If you need to do pre-processing of your data, say scaling, value
imputation, feature selection, or the like, before you pass the data
into the ML algorithm (such as the
LogisticRegression
classifier), you’ll
want to take a look at scikit-learn pipelines. A Palladium
model
is not bound to be a simple estimator class; it can be a
composite of several pre-processing steps or transformations, and the
algorithm combined.
At this point, feel free to change the configuration file to maybe try out different values for C. Can you find a setting for C that produces better accuracy?
Grid search¶
Finding the right set of hyper parameters for your model can be tedious. That is where grid search comes in. Using grid search, we can quickly try out a few parameters and use cross-validation to see which of them work best.
Try running pld-grid-search
and see what happens:
pld-grid-search
At the end, you should see something like this output:
[mean: 0.95000, std: 0.05138, params: {'C': 1.0},
mean: 0.91000, std: 0.05022, params: {'C': 0.3},
mean: 0.84000, std: 0.06408, params: {'C': 0.1}]
What happened? We just tried out three different values for C,
and used a three-fold cross-validation to determine the best setting.
The first line is the winner. It tells us that the mean
cross-validation accuracy of the model with C set to 1.0
is
0.95
and that the standard deviation between accuracies in the
cross-validation folds is 0.05138
.
Let us take a look at the configuration of grid_search
:
'grid_search': {
'param_grid': {
'C': [0.1, 0.3, 1.0],
},
'verbose': 4,
}
What parameters should be checked can be specified in the entry
param_grid
. If more than one parameter with sets of values to
check are provided, all possible combinations are explored by grid
search. verbose
allows to set the level for grid search
messages. It is possible to set other parameters of grid search, e.g.,
how many jobs to be run in parallel can be specified in n_jobs (if
set to -1, all cores are used).
Palladium uses sklearn.grid_search.GridSearchCV
to do the actual
work. Thus, you’ll want to take a look at the scikit-learn docs for
grid search
to understand what these parameters mean and what other parameters
exist for grid_search
.
Model persister¶
Usually we’ll want the pld-fit
command to save the trained model
to disk.
The model_persister
in the Iris config.py
file is set up to
save those models into a SQLite database.
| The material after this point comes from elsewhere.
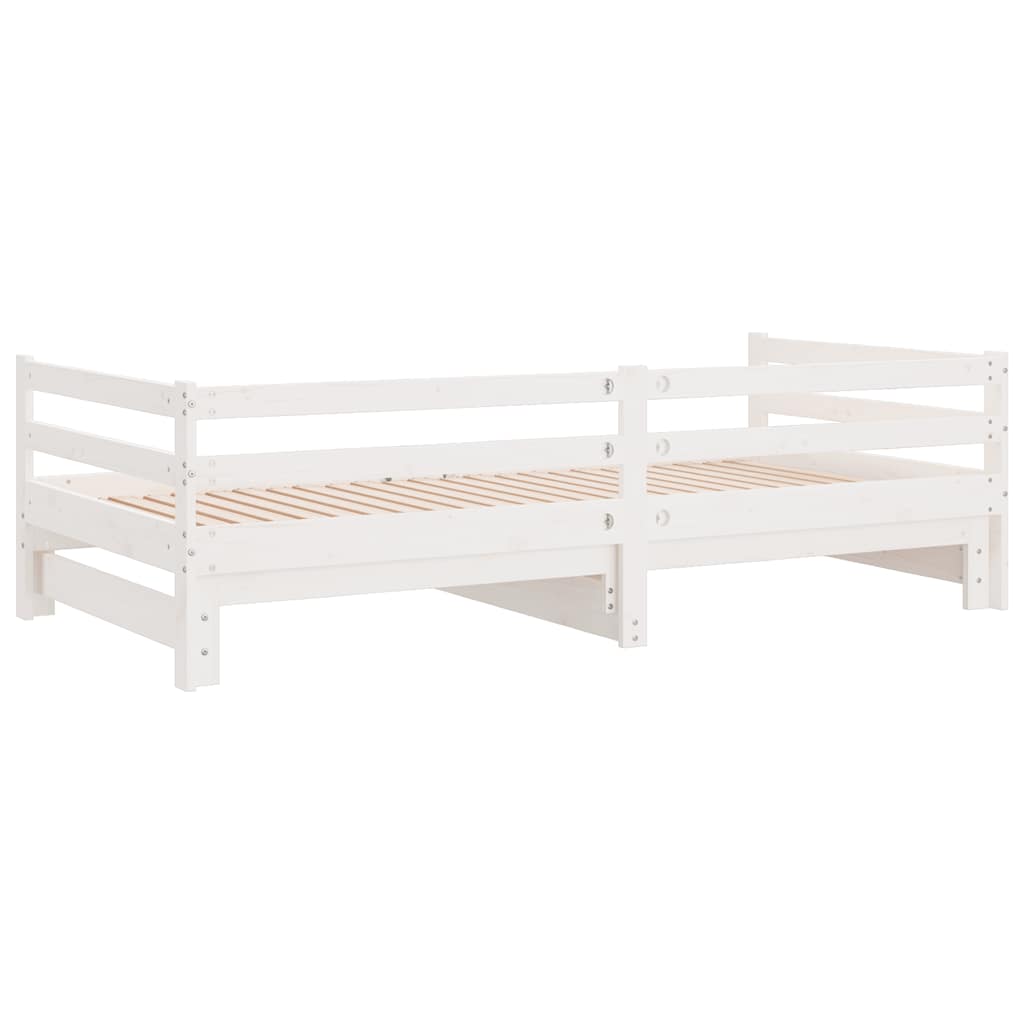 Pull-out Day Bed without Mattress White 2x(90x200)cm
Let us take a look at that
part of the configuration:
'model_persister': {
'__factory__': 'palladium.persistence.CachedUpdatePersister',
'update_cache_rrule': {'freq': 'HOURLY'},
'impl': {
'__factory__': 'palladium.persistence.Database',
'url': 'sqlite:///iris-model.db',
},
},
The palladium.persistence.CachedUpdatePersister
wraps the persister
actually responsible for reading and writing models. It is possible to
provide an update rule which specifies intervals to update the
model. In the configuration above, the update_cache_rrule is set to
an hourly update (in real applications, the frequency will palladium likely
be much lower like daily or weekly). For details how to define these
rules we refer to the python-dateutil docs. If no update_cache_rrule is
provided, the model will not be updated automatically. The impl
entry of this model persister specifies the actual persister to be
wrapped.
The palladium.persistence.Database
persister takes a single
argument url
which is the URL of the database to save the fitted
model into. It will automatically create a table called models
if
such a table doesn’t exist yet. Please refer to the SQLAlchemy docs
for details on which databases are supported, and how to form the
database URL.
Palladium ships with another model persister called
palladium.persistence.File
that writes pickles to the file system.
If you want to store your model anywhere else, or if you do not use
Python’s pickle but something else, you might want to take a look at the
ModelPersister
interface, which describes the
necessary methods. The location for storing the files can be chosen
freely. However, the path has to contain a placeholder for adding the
model’s version:
'model_persister': {
'__factory__': 'palladium.persistence.CachedUpdatePersister',
'impl': {
'__factory__': 'palladium.persistence.File',
'path': 'model-{version}.pickle',
},
},
Predict service¶
The last component in the Iris example configuration is called
predict_service
. The palladium.interfaces.PredictService
is
the workhorse behind what us happening in the /predict
HTTP
endpoint. Let us take a look at how it is configured:
'predict_service': {
'__factory__': 'palladium.server.PredictService',
'mapping': [
('sepal length', 'float'),
('sepal width', 'float'),
('petal length', 'float'),
('petal width', 'float'),
],
}
Again, the specific implementation of the predict_service
that we
use is specified through the __factory__
setting.
The mapping
defines which request parameters are to be expected.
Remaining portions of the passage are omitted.